En entrant, les enfants furent vivement impressionnés, ce qui les calma pour de bon quelques instants. À l’intérieur en effet, le bâtiment était de toute beauté. Passé le seuil de l’entrée, on pénétrait d’abord dans une salle qui servait d’antichambre. Le sol en marbre, les colonnes vénitiennes, le plafond d’une hauteur vertigineuse, entièrement peint, et les deux statues colossales qui siégeaient de chaque côté imposaient immédiatement un respect muet, surtout pour des enfants peu habitués à ce genre de décor. Cette pièce seule donnait l’impression de pénétrer dans le temple sacré d’un roi ou d’une divinité géante. Pourtant, une surprise plus grande encore les attendait de l’autre côté de la seconde porte, curieusement de taille modeste par rapport aux dimensions de la pièce.

Immense.

La salle du rez-de-chaussée était immense. L’allée principale semblait fuir au loin, en se rapetissant à l’infini, à travers les innombrables rayonnages de livres aux contre-allées labyrinthiques. Quatre gigantesques lustres tentaient de compléter la faible clarté apportée par les fenêtres étroites et plongeaient cette nef silencieuse au mobilier de bois sculpté dans une lumière mystérieuse, donnant à l’ensemble une dimension encore plus imposante. Enfin, à chaque extrémité de cette cathédrale de livres, trônaient deux escaliers massifs qui s’élevaient en hélice vers les trois étages supérieurs.
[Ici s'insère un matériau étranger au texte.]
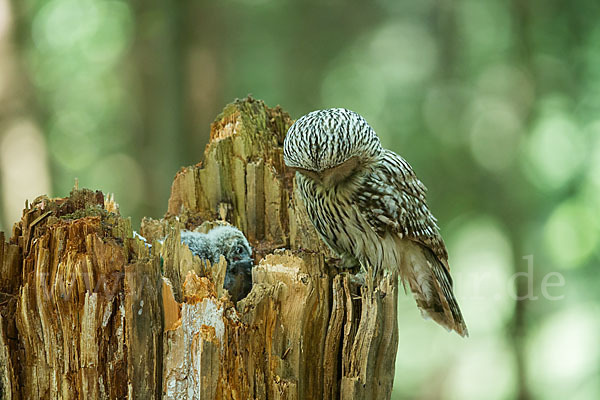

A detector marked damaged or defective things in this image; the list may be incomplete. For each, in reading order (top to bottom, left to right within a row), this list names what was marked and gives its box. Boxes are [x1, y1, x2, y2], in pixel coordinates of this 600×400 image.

splintered wood [2, 97, 400, 400]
Cette bibliothèque était d’une beauté à couper le souffle, à n’en point douter l’un des édifices les plus nobles et les plus enviés où détenir l’art et la connaissance, la mémoire et la quintessence livresque de toute une société.

Tandis que Nicole se dirigeait d’un pas rapide vers l’imposant comptoir où huit personnes attendaient déjà livres en mains, les trois garçons prolongèrent leur concert de « Waouh ! » en s’avançant timidement dans la salle.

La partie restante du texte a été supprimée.